Poor quality of sleep was prevalent among ALS patients as indicated by the PSQ1 scores. The mean PSQI score was significantly higher in ALS patients (7.1 ) compared with the controls (4.7). A higher number of ALS patients (63%, 27 patients) had a PSQ1 score of greater than five compared with the controls (37%, 16).
The ESS measures the likelihood of falling asleep during the day. It evaluates daytime sleepiness in eight different scenarios. The total ESS score ranges from zero to 24, and a score of more than nine indicates excessive sleepiness during the day.
Although many ALS patients reported poor sleep quality, fewer indicated excessive sleepiness during the daytime without any statistical correlation between the two factors. An ESS score of greater than nine was reported in 14% (6) of the ALS patients and 5% (2) of the control group. The mean ESS score was 6.6 in the ALS group compared with 5 in the control group.
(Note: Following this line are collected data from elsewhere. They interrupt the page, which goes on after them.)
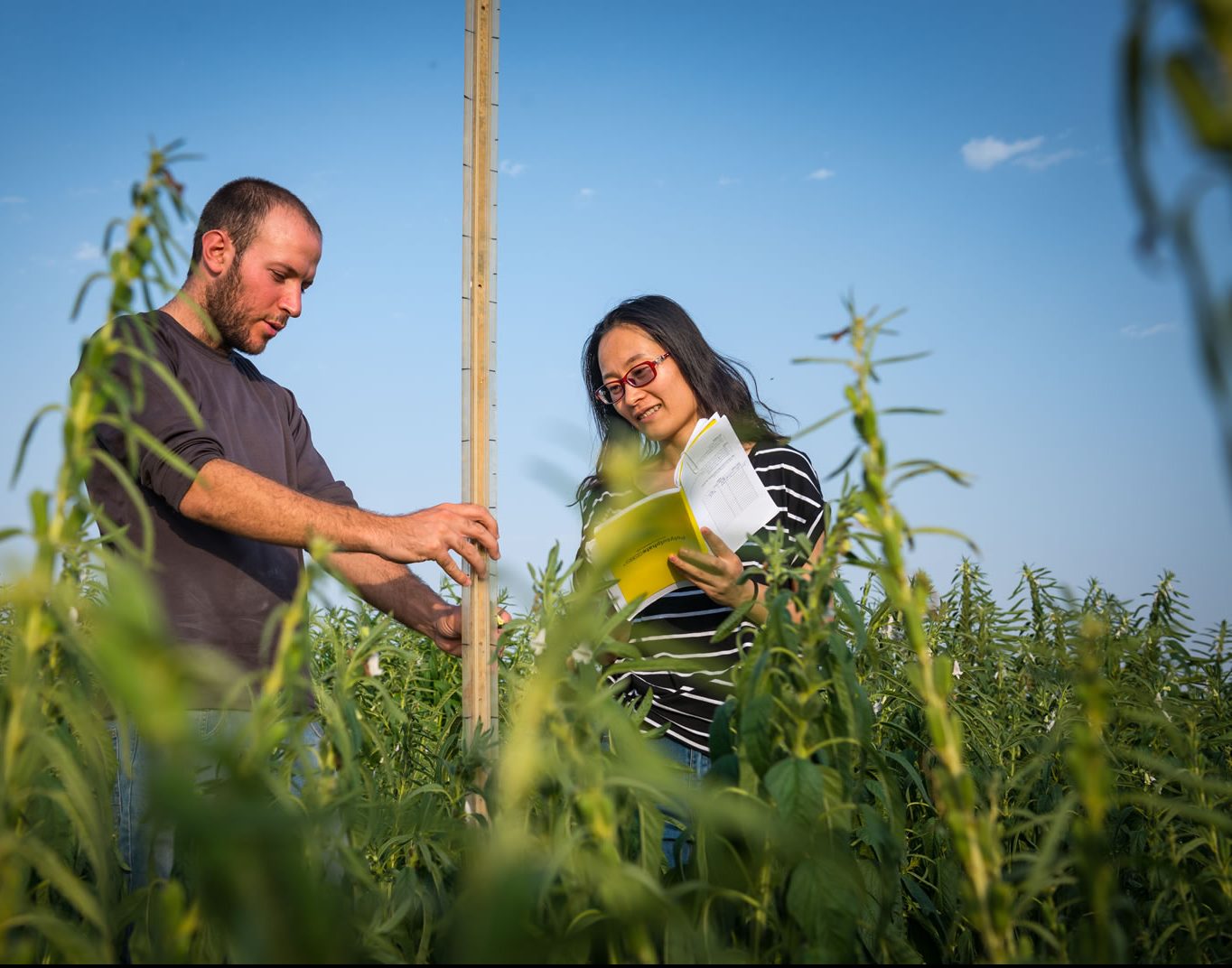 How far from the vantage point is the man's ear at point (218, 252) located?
3188 millimetres

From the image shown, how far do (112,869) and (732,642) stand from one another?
1.77 m

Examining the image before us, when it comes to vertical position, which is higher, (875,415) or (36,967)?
(875,415)

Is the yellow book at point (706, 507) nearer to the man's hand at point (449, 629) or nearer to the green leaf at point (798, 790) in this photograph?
the man's hand at point (449, 629)

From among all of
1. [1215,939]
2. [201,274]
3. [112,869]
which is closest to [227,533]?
[201,274]

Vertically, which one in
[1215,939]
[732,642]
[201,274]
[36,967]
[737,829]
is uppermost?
[201,274]

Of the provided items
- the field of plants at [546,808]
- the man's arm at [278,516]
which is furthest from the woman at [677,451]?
the field of plants at [546,808]

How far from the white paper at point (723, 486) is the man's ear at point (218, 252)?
5.55 ft

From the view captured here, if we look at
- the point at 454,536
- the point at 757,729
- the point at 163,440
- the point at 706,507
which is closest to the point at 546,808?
the point at 757,729

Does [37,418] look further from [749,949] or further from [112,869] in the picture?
[749,949]

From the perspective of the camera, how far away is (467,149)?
224cm

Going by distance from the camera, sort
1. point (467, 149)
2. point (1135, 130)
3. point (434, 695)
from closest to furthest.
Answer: point (1135, 130) → point (467, 149) → point (434, 695)

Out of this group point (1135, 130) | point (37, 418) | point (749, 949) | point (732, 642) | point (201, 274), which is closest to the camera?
point (1135, 130)

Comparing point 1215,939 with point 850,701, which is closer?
point 850,701

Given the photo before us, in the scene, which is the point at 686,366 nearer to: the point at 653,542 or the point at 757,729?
the point at 653,542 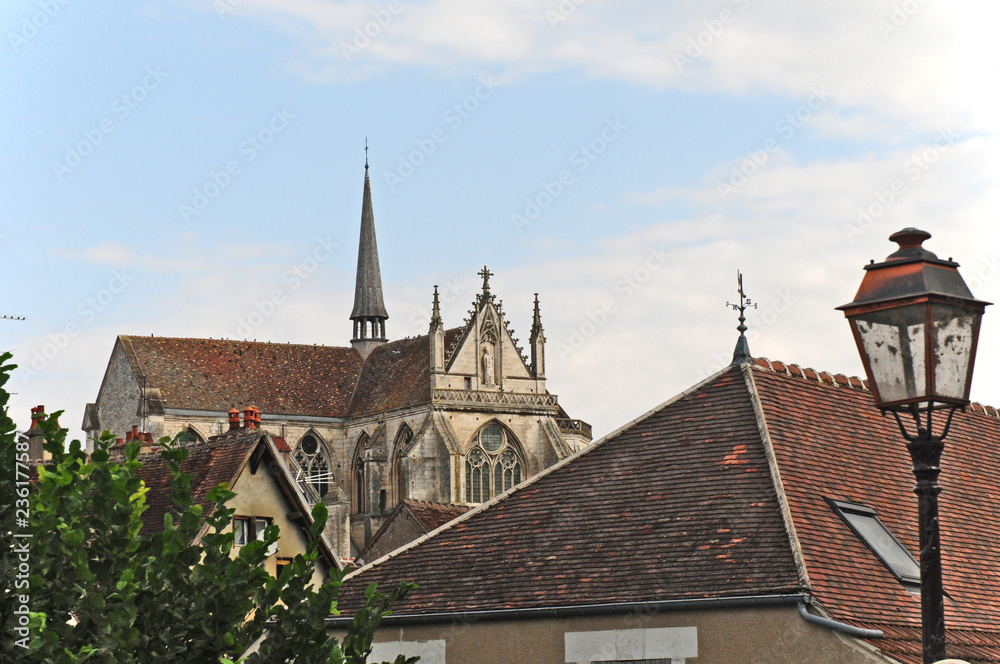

Researchers evaluated the functional ability of ALS patients using the ALSFRS questionnaire. It assesses the ability to perform 10 everyday tasks such as turning in bed, walking, breathing, speaking, swallowing, producing saliva, writing, handling food, climbing stairs, and dressing and hygiene. The ALSFRS total score ranges from zero to 40, where higher scores indicate poor functional status.
The mean ALSFRS score of patients was 30.7. Statistical analysis revealed that although the overall ALSFRS score did not significantly correlate with diminished sleep quality (measured via the PSQ1), difficulty turning in bed contributed to it. Researchers found that 23% (10) of ALS patients had trouble turning in bed, and these patients had a mean PSQ1 score of 9.7.
The severity of depression symptoms (if any) in ALS patients was evaluated using the BDI-II survey. The score of this 21-question survey ranges from zero to 63 and is divided into symptom severity levels — minimal (zero-13), mild (14-19), moderate (20-28), and severe (29-63).
ALS patients had a mean BDI-II of 11.3. The study found that 23% (10) of the patients showed mild depression while 12% (five) had moderate symptoms.
Moreover, there was a statistical correlation between sleep quality and depression symptoms. The team noted that the mean BDI-II was 7.8 in ALS patients who slept well compared with 13.7 in those who reported poor sleep.
“Patients with newly diagnosed ALS have poor sleep quality, which is associated with depression and difficulty turning in bed,” the authors said.
“Given the high prevalence of poor sleep in these patients, longitudinal studies to examine the evolution of sleep quality and the effectiveness of individualized interventions are needed in patients with ALS,” they concluded.